Nina Balcan
Title: A Theory of Similarity Functions for Learning and Clustering
Abstract:
Kernel methods have proven to be extremely powerful tools in machine
learning. They perform well in many applications, and there is also a
well-developed theory of sufficient conditions for a kernel to be useful
for a given learning problem. However, while a kernel can be thought of as
just a pairwise similarity function that satisfies additional mathematical
properties, this theory requires viewing kernels as implicit (and often
difficult to characterize) maps into high-dimensional spaces. In this work
we develop an alternative theory of learning with more general similarity
functions, which requires neither reference to implicit spaces, nor the
function to be positive semi-definite. Our results strictly generalize the
standard theory, and any good kernel function under the usual definition
can be shown to also be a good similarity function under our definition.

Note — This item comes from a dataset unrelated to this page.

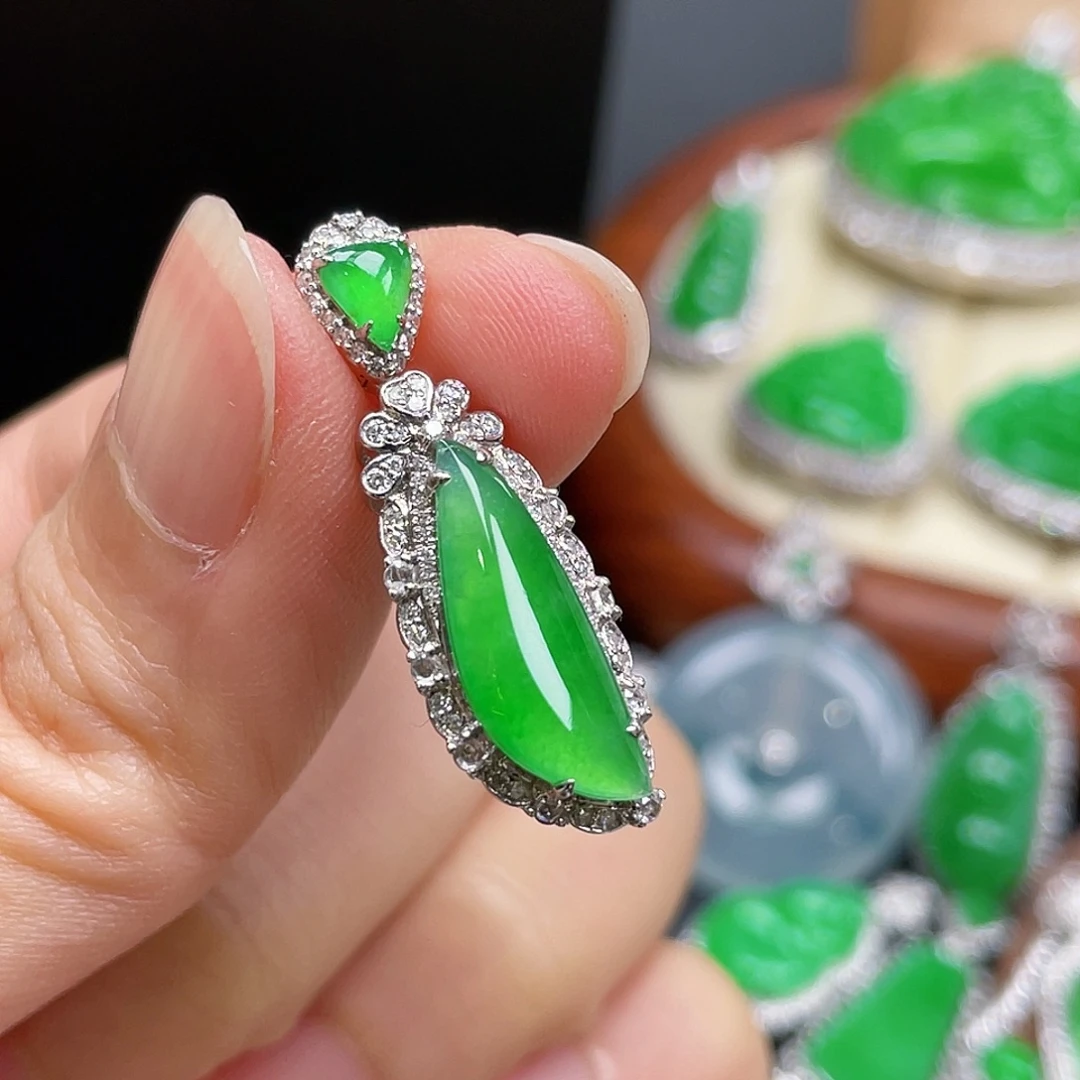 翡翠18K金镶嵌颈饰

We then show how our framework can also be applied to clustering:
multi-way classification from purely unlabeled data. In particular, using
this perspective we develop a new model that directly addresses the
fundamental question of what kind of information a clustering algorithm
needs in order to produce a highly accurate partition of the data. Our
work can be viewed as an approach to defining a PAC model for clustering
with non-interactive feedback.
This talk is based on work joint with Avrim Blum and Santosh Vempala.